L’autostrada verso Milano è deserta, Piazza Duomo si avvicina quando sento il primo gol della Roma e lo zero a zero dell’Inter. Credo! Con un’affermazione che supera ben di lunga in entusiasmo quello delle promesse battesimali di un catecumeno in età avanzata. Poi non voglio sapere altro. La fede è fede e quella di uno juventino è incrollabile. Con che faccia affermo ciò, dopo un anno del genere! I bersaglieri bersagliano Piazza Duomo con mille acrobazie, di fanfare, di corsa, in bici. Tricolori, sindaci e parlamentari. Uomini, donne e bimbi. Sono le diciotto. Guardo attentamente quasi come a non volermi far notare, ma osservo attentamente se per caso sventolano bandiere nerazzurre. Non ne vedo. Né caroselli di auto, non sento clacson scatenati. Che sia andata bene? L’illusione dura poco. Icio, amico interista, mi chiama sul portatile. Leggo il suo nome sul led e mi pervade un fortissimo senso di disgusto, di nausea, di dolori addominali, di convulsioni. Faccio fatica a non spegnere. Poi rispondo. Sì, avete vinto? Ci mancherebbe che non fosse così – vigliaccamente mi congratulo – e gli assicuro che se lo sono meritato tutto. Davvero. Peccato sta benedetta Roma, della Sensi di Totti e Ranieri. Ma lo scarto è minimo e il campionato ha decretato così. E così sia!

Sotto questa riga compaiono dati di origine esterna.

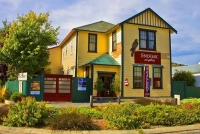 Roxburgh;Otago;lake_Roxburgh;Clutha_River;church;churches;fruit_growing;Art_Gall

E se ti capita da Juventino abitare a Milano che fai. Già, e mo’ che faccio? Piazza Duomo cambia scena, le immagini zumano sui bersaglieri e a tutto campo vanno a cercare i caroselli d’auto, gli sventolii di bandiere nerazzure che ora si stanno avvicinando. E ci resto pure io su questa piazza tutta interista. E festa sia. Peccato che manchi una fontana. Stasera ci si tufferebbe volentieri. Stasera si festeggia il 18° scudetto, stasera l’Inter diventa una squadra adulta. Milano che guarda all’Expo del 2015, che disegna i grandi progetti per il futuro è tutta qui in piazza. Ci sono proprio tutti gli interisti. Che bella la festa per uno scudetto che si conquista!